His eyes were wet with unshed tears as he stared at me. After a moment, he gave me a sharp nod.

“I will earn the right for you to call me father.” His voice was hoarse, brimming with barely restrained emotion. “I will show you I am worthy of that name.”

I smiled at him and nodded. “I look forward to getting to know you.”

“Good,” he cleared his throat and sat back comfortably in his seat, one leg crossed over the other, “now, tell me about this wife of yours.”

Chuckling, I relaxed against the leather of my own seat and proceeded to tell him about the goddess of a woman who had bewitched my soul.

CHAPTER TWENTY-TWO

We landed nine hours later at the small SeaTac airstrip where my hangar was located. I barely slept the entire flight as Andrei and I worked on getting to know one another. In one word, it was surreal. Tomas filled the void Kirill had left within me as a child, and I’d never wanted another father. To have the chance at getting to know the father that would have loved and kept me if he could have shifted something inside me.

Something I wasn’t quite ready to name.

Maksim and Nikolai awaited me as I stepped off the plane and back onto the blessed terra firma of the city I called home. The two men greeted me with wide, bright smiles and firm hugs. None of us had ever been separated from each other for longer than a week at a time. Five weeks was nearly unacceptable.

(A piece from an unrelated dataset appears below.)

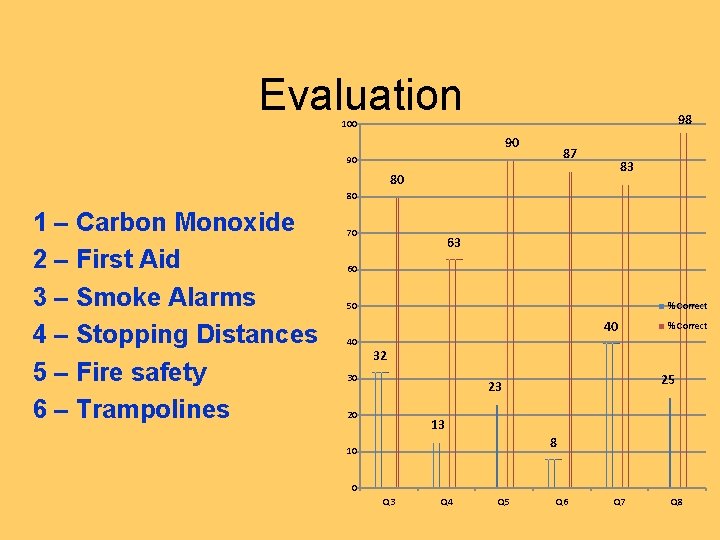 Evaluation 98 100 90 87 90 83 80 80 1 – Carbon Monoxide 2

“Your woman is causing quite the stir.” Nikolai smirked at me. “And she’s learned a few things since you’ve been gone.”

Vas had been keeping me apprised of Ava’s every move. Not that I would interfere, but I did have him caution her a few times about her actions.

It hadn’t worked.

“I’d honestly wear a bulletproof vest when you decide to tell her you’re still alive,” Maksim joked. “On second thought, maybe something to protect your legs. She’s got a thing for shooting out kneecaps.”

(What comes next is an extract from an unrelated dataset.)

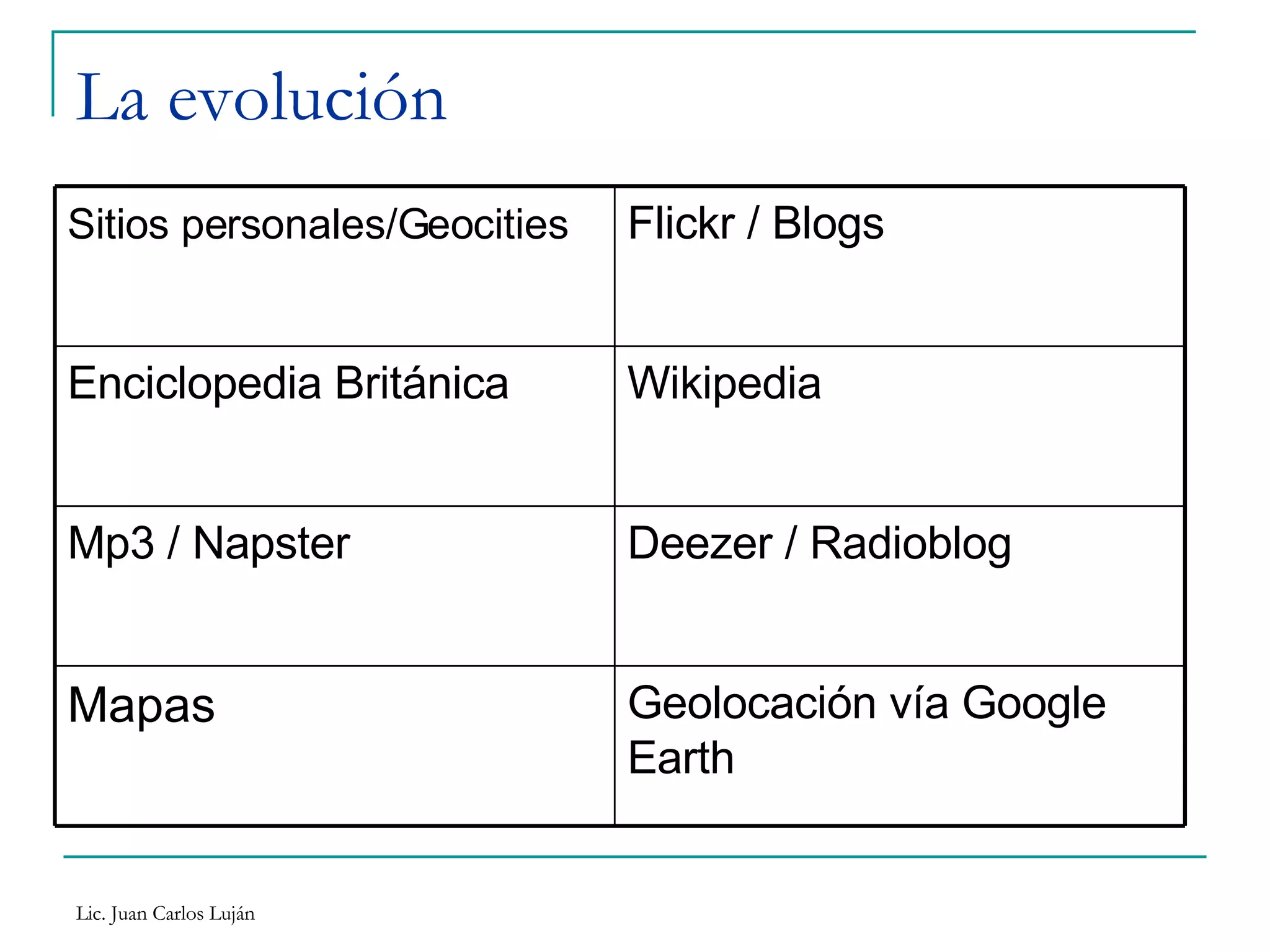La evolución Geolocación vía Google Earth Mapas Deezer / Radioblog Mp3 / Napster Wikipedia Enciclopedia Británica Flickr / Blogs Sitios personales/Geocities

Andrei laughed boisterously behind me. “I like her already.” He clapped me on the shoulder. “And you said she was sweet and naïve.”

“She was,” I muttered.

Nikolai smirked. “Then this idiot went and made a fool of her. On top of that, he faked his death.”

“Nothing worse than a woman scorned.”

“Where is she now?” I slid into the backseat of the G-Wagon.

“In Portland with Vas and her father,” Maksim reported. “Looks like O’Malley’s niece stole some evidence from her mother’s case from lockup for her.”

I wish I could have been there for her.

“How did O’Malley get Kavanaugh to agree to a sit down?” It was well known the two Irish families had a long, blood-filled history with one another.

“O’Malley threatened to withhold the evidence pertaining to Ava’s mother if he didn’t agree.”

“And no one is dead?”

Nikolai laughed.

“According to Vas, everything is groovy.” Nicolai pitched his tone at the last word. It made him sound like a blond-haired surfer boy named Crash who smoked pot. Or Shaggy from Scooby-Doo.

“Get me something more than groovy,” I told him, mimicking his tone. Andrei smirked at me, and for the briefest of moments, I wondered how he saw me.

Would he think I was a good leader?

Would he accept how I ran my organization?

Part of me felt like a teenager again, begging for approval. I wanted my biological father to be proud of what I’d built.

“Where to, boss?” Maksim asked as he pulled through the gate and onto the main thoroughfare.